How am I supposed to represent a real number in a binary form?

## Hint 1

> First do it with integers

```c++
str binaryToString(int num) {
    str stringnum = "";
    int biggestexp = 0;
    while (num >= pow(2, biggestexp)) {
        biggestexp += 1;
    }
    while (biggestexp >= 0) {
        if (num >= 0 && num - pow(2, biggestexp) >= 0) {
            num -= pow(2, biggestexp);
            stringnum = "1" + stringnum;
        } else {
            stringnum = "0" + stringnum;
        }
        biggestexp -= 1;
    }
    return stringnum;
}
```

This should work, takes O(sqrt(num) + sqrt(num)). We need to know the biggest exponent in order to substract it. And then keep substracting it until reaching 0. Maybe some wrong c++ syntax, but should work. Now with decimals??

## Hint 2

> In a number like .893 (in base 10), what does each digit signify? What then does each digit in .10010 signify in base 2?

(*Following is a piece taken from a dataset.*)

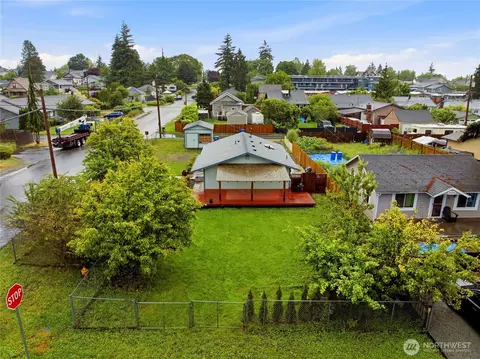 View/Area - 3208 21st St, Everett, WA 98201 photo 5 of 7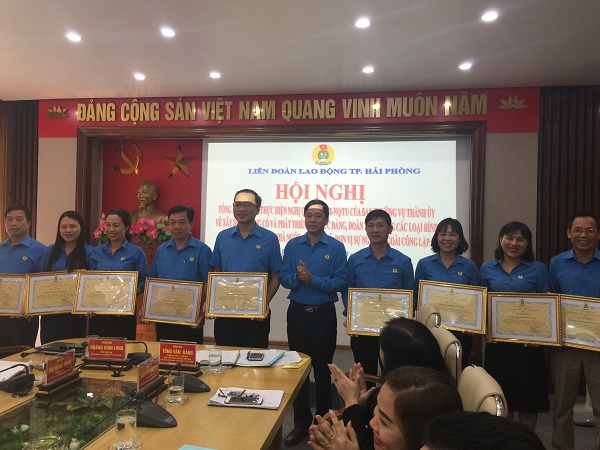 Chủ tịch LĐLĐ TP Tống Văn Bằng trao Bằng khen cho các tập thể xuất sắc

So just `stringnum = "." + stringnum`?

## Hint 3

> A number such as .893 (in base 10) indicates 8 \* 10^-1 + 9 \* 10^-2 + 3 \* 10^-3. Translate this system into base 2

.10010 = 1 \* 2^-1 + 0 \* 2^-2 + 0 \* 2^-3 + 1 \* 2^-4 + 0 \* 2^-5

Ok so stringnum in the opposite way, '.' added to it. Can we reverse dividing by pow(2,i) and go from low to high?

```c++
str binaryToString(int num) {
    str stringnum = "";
    int i = 0;
    num -= pow(2, i);
    while (num > 0) {
        stringnum = "1" ? num % 2 == 0 : "0" + stringnum;
        i += 1;
        num -= pow(2, i);
    }
    return "." + stringnum;
}
```

This won't work for 11 -> 1011, it will create 111 and then have 6 left and nowhere to put it. So just do the other way and take longer.

## Hint 4

> How would you get the first digit in .893? If you multiplied by 10, you'd shift the values over to get 8.93. What happens if you multiply by 2?

## Hint 5

> Think about what happens for values that can't be represented accurately in binary

I'm officially lost.

## Solution

To print the decimal part of the 0.101 number, we multiply by 2 and check if 2n is >= 1. r = 2<sub>10</sub> * n = 1.01<sub>2</sub>. If r >= 1, we know that n had a 1 right after the decimal point. By doing this continuously, we can check every digit.

```java
public static String printBinary(double num) {
    if (num >= 1 || num <= 0) {
        return "ERROR";
    }

    StringBuilder binary = new StringBuilder();
    binary.append(".");
    while (num > 0) {
        /* Setting a limit on length: 32 characters */
        if (binary.length() > 32) {
            return "ERROR";
        }
        double r = num * 2;
        if (r >= 1) {
            binary.append(1);
            num = r - 1;
        } else {
            binary.append(0);
            num = r;
        }
    }
    return binary.toString();
}
```

Don't understand this logic at all. Trying with `double num = 0.7`, I get ".1011001001....".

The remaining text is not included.